Remembering the fallen: Vigil recognizes officers killed in the line of duty

Lexey Swall/Staff
Patricia Thompson holds her daughter, Annabelle Thompson, 10 months old, as she and her sister, Saundra Batrez, mourn the loss of their father, Sgt. Roy Williams, during the Collier County Sheriff's Office law enforcement memorial candlelight vigil Tuesday evening at East Naples United Methodist Church. Sgt. Williams died August 22, 1991, when his car left the road and struck a tree as he was returning from "investigating a suspicious aircraft" north of Everglades City. Tuesday's event was held to remember those who have lost their lives in the line of duty in honor of National Law Enforcement Memorial Week which runs May 13-19. Members from all Collier County law enforcement agencies, including the Florida Highway Patrol, attended the event.

Photo by LEXEY SWALL, Naples Daily News // Buy this photo

Lexey Swall/Staff Patricia Thompson holds her daughter, Annabelle Thompson, 10 months old, as she and her sister, Saundra Batrez, mourn the loss of their father, Sgt. Roy Williams, during the Collier County Sheriff's Office law enforcement memorial candlelight vigil Tuesday evening at East Naples United Methodist Church. Sgt. Williams died August 22, 1991, when his car left the road and struck a tree as he was returning from "investigating a suspicious aircraft" north of Everglades City. Tuesday's event was held to remember those who have lost their lives in the line of duty in honor of National Law Enforcement Memorial Week which runs May 13-19. Members from all Collier County law enforcement agencies, including the Florida Highway Patrol, attended the event.

Officers whose end-of-watch came while on duty with the Collier County Sheriff’s Office:

Deputy W.B. Richardson

Deputy William Irwin

Deputy William E. Hutto

Deputy Maurice Eugene Anglin

Investigator Arthur Allen Amos

Cpl. Amedicus “Med’ Quincy Howell III

Cpl. Mark Caperton

Sgt. Roy Arthur Williams

Sgt. Joe Nathan Jones

Deputy Raul “Rudy” Dimas Sr.

Officers whose end-of-watch came while on duty with the Naples Police Department:

Officer Carl Strickland

Officer Louie Collins

Bullets flew everywhere as Collier County sheriff's deputies exchanged fire with suspects in an Immokalee convenience store robbery.

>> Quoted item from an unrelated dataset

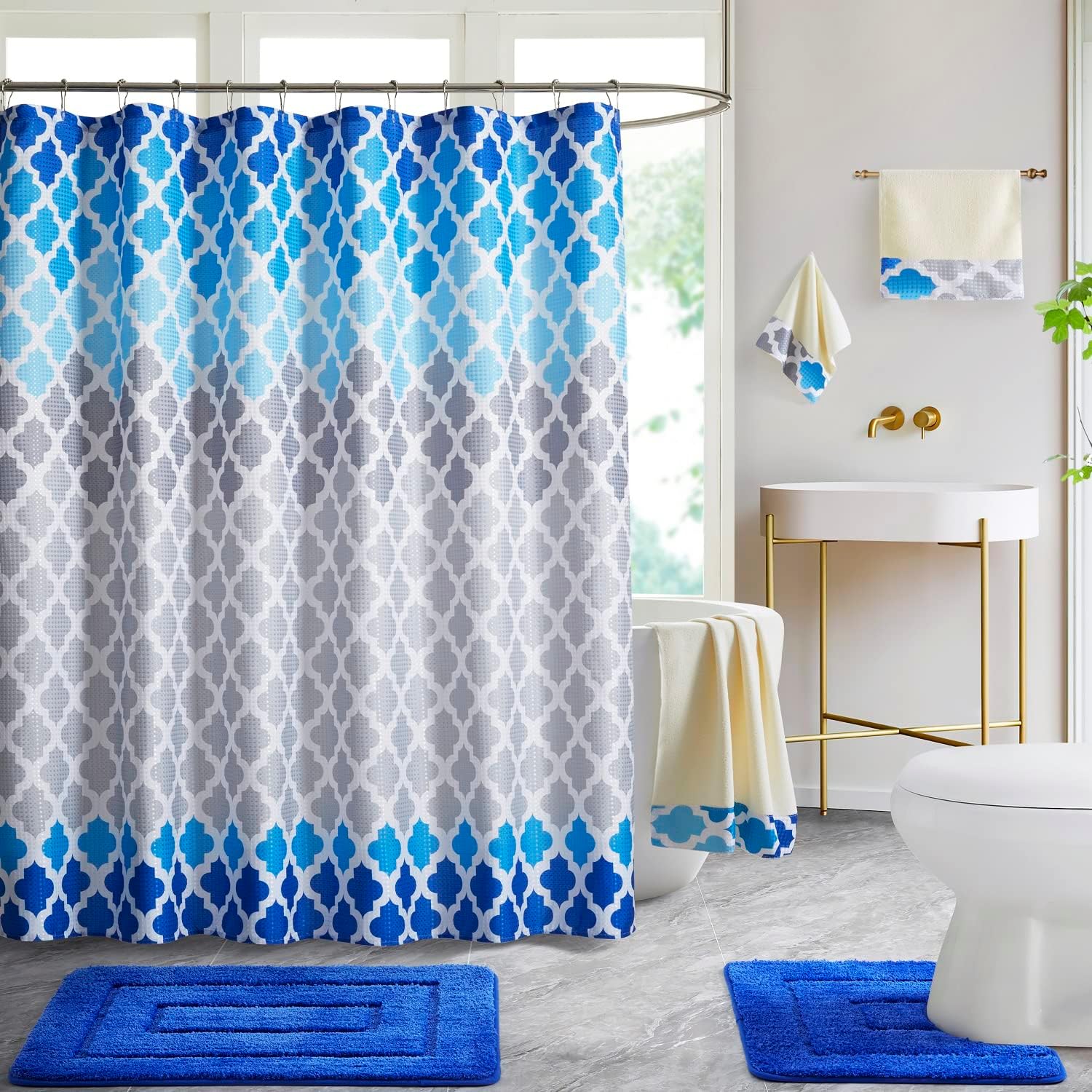 WPM Royal Blue Trellis Bathroom Combo Set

It was dark and hard to see, former Collier deputy Kristopher Kuhl said of the night of March 29, 1983. After a few moments, someone realized Cpl. Amedicus Howell wasn't with the rest of the deputies.

"Nobody knew that Med had gotten shot," Kuhl said. "We found him slumped over in the car … He was already gone."

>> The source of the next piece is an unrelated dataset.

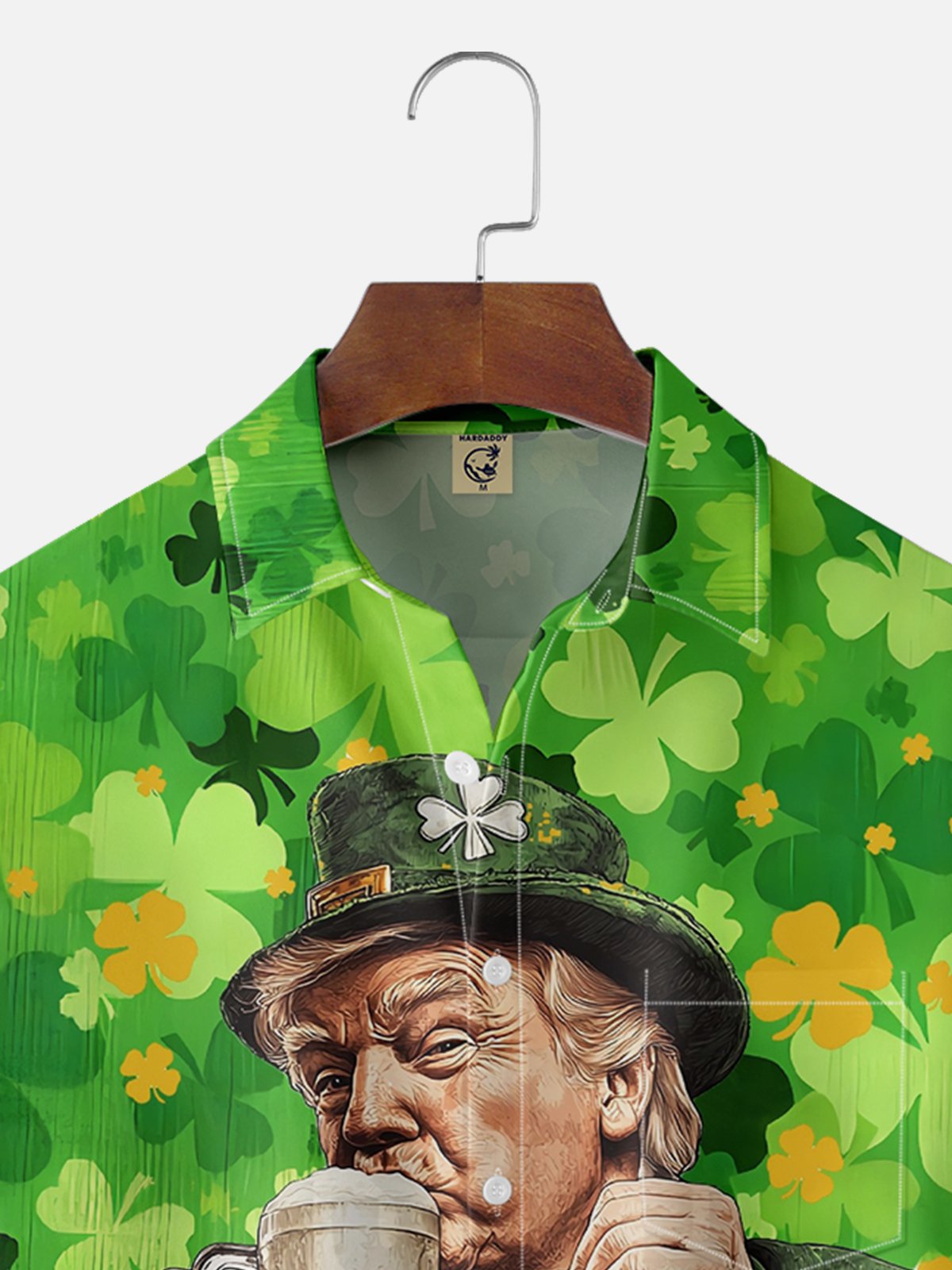 Moisture-wicking Trump "Make St. Patrick's Day Great Again" Chest Pocket Casual Shirt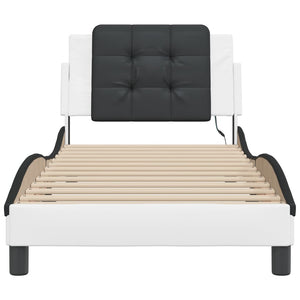 vidaXL LED Bed Frame without Mattress "Zadar" White and Black 90x190 cm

Amedicus "Med" Howell III died that night at age 33, the victim of a single bullet that hit him right above his protective vest.

On Tuesday, he and 11 other fallen law enforcement officers from the Sheriff's Office and Naples Police Department were honored at a ceremony at East Naples United Methodist Church. About 100 people attended the ceremony, one of many taking place nationwide for National Police Week, May 13 -19.

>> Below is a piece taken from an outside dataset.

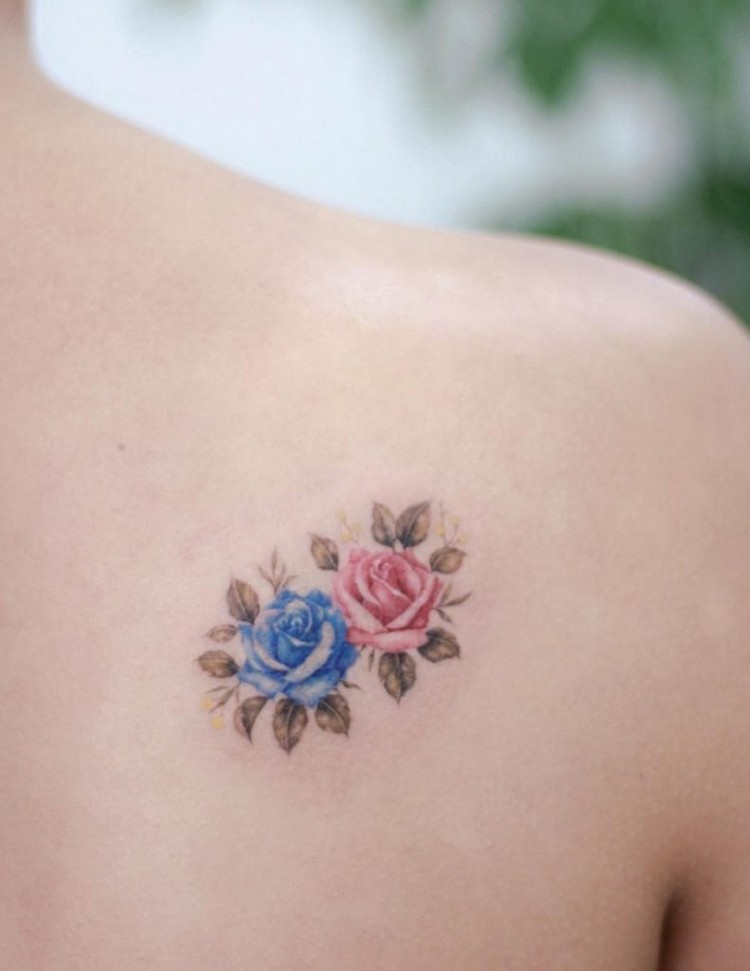 minimalistische Tattoos Bilder Rosen-Tattoo Bedeutung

"Every 53 hours in this country, a law enforcement officer loses his or her life in the line of duty," Sheriff Kevin Rambosk said at the candlelight vigil. "Law enforcement continues to be a dangerous job for all of us."

For Deputy William E. Hutto, the first Collier County officer to be killed by gunfire, the fatal shot came on Christmas Eve 1931. His son, William Hutto Jr., was 9.

"His family never really talked about it a lot," said Michael Johnson, whose wife, Margaret, is the niece of Hutto Jr.

After the Johnsons moved to North Fort Myers from New York, the couple went to look at Hutto's plaque on a local memorial wall and learn more about what happened to him.

"I think it's important that we remember those who served," Johnson said.

The daughters of the late Sgt. Roy Arthur Williams also came to the ceremony for their father, who died in a single-vehicle crash on Aug. 22, 1991. The father of four was 43.

Saundra Batrez, then 8, was at home sleeping when her mother told her the news. Patricia Thompson, then 18, was working in the Sheriff's Office dispatch center. Both sisters said they try to attend the vigil each year to light a candle for their dad.

"He was an honest man who lived what he believed, and he loved it," Thompson said.

Although former deputy Kuhl was unable to make Tuesday's memorial, Med Howell's death, he says, was a "pretty sobering experience" that has stayed with the other officers as they've continued their careers.

"You don't appreciate life until something like this really wakes you up," Kuhl said. "You're talking to him one minute and he's being a prankster — the next minute he's gone."